And the neglect of those old books and their still-valid ideas inflicted a terrible toll in the real world when applied to economic policy in the wake of the crash of 2007-8.
It may not be the same with history. But sometimes it is. This article is an example: William Best Hesseltine, Some New Aspects of the Pro-Slavery Argument, The Journal of Negro History 21:1 (Jan 1936). Even during that period when a neo-Confederate Lost Cause/Gone With the Wind viewpoint was the dominant narrative from this history profession to textbooks to public memory ceremonies to popular culture, there were still people telling a realistic story about the Civil War and its implication.
Hesseltine's article is an example of this. He talks about the conscious usage of white racism as a means of social control in a more blunt way that we normally see it stated:
The pro-slavery argument carried but little promise to the lower classes, yet it sufficed to draw a line of demarkation between the exploited groups of the South. Playing upon the race prejudice which the argument inculcated, the planter aristocrat and his Bourbon successor have been able to remain in control. When the Civil War began, the non-slaveholders of the South did battle to maintain the Southern system of life.
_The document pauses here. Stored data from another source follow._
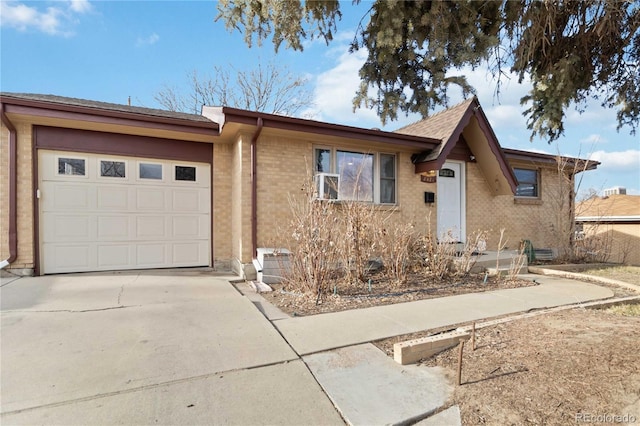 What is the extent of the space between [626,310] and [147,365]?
6.52 m

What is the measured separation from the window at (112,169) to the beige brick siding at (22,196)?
121cm

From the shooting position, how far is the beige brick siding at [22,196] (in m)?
6.23

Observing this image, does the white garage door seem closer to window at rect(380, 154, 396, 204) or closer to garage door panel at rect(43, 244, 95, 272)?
garage door panel at rect(43, 244, 95, 272)

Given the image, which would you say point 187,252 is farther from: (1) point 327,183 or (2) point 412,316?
(2) point 412,316

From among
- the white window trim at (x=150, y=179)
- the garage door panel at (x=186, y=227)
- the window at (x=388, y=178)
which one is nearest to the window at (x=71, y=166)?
the white window trim at (x=150, y=179)

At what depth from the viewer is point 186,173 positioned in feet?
25.4

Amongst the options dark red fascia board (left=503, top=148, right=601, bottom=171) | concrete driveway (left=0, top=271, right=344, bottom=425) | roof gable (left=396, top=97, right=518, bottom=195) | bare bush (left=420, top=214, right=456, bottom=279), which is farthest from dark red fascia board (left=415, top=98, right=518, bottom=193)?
concrete driveway (left=0, top=271, right=344, bottom=425)

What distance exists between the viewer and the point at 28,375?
276 cm

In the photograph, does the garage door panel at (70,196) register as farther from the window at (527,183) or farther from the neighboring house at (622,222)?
the neighboring house at (622,222)

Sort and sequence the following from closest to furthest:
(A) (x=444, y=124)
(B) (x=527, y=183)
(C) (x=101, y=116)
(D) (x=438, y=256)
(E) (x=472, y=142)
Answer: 1. (C) (x=101, y=116)
2. (D) (x=438, y=256)
3. (A) (x=444, y=124)
4. (E) (x=472, y=142)
5. (B) (x=527, y=183)

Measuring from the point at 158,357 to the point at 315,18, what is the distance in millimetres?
3785

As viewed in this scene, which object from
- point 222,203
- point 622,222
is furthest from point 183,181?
point 622,222

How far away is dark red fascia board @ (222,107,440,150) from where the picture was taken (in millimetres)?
6520

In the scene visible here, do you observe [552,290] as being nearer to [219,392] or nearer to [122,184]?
[219,392] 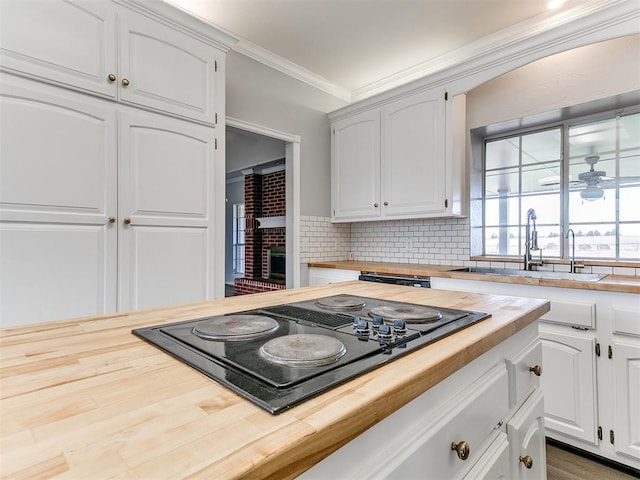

Following the war, there was imminent danger that the lower orders might forget race and unite, but the Ku Klux Klan saved the day for the Bourbons. In the nineties, the Populist movement brought whites and blacks of the oppressed classes together, but again the heritage of the pro-slavery argument brought division and eventuated in new constitutions which effectually disfranchised both the Negroes and their potential allies among the poor whites. Occasional lynchings have sufficed to keep burning the flames first kindled by the pro-slavery argument. Only in recent months has depression-born necessity brought tenant farmers of both races to stand shoulder to shoulder against their oppressors. For more than a century, the pro-slavery argument has enabled the planting aristocrats to dominate Southern society.Now, those are some broad generalizations about complex processes, of course. But it's also an accurate broad description.
Most of his article is about developments in proslavery arguments during slavery times. As he explains, the theory of racism that the planter class used to justify slavery was also used in modified form, without the slavery part, to justify the suppression of African-American citizens after the war.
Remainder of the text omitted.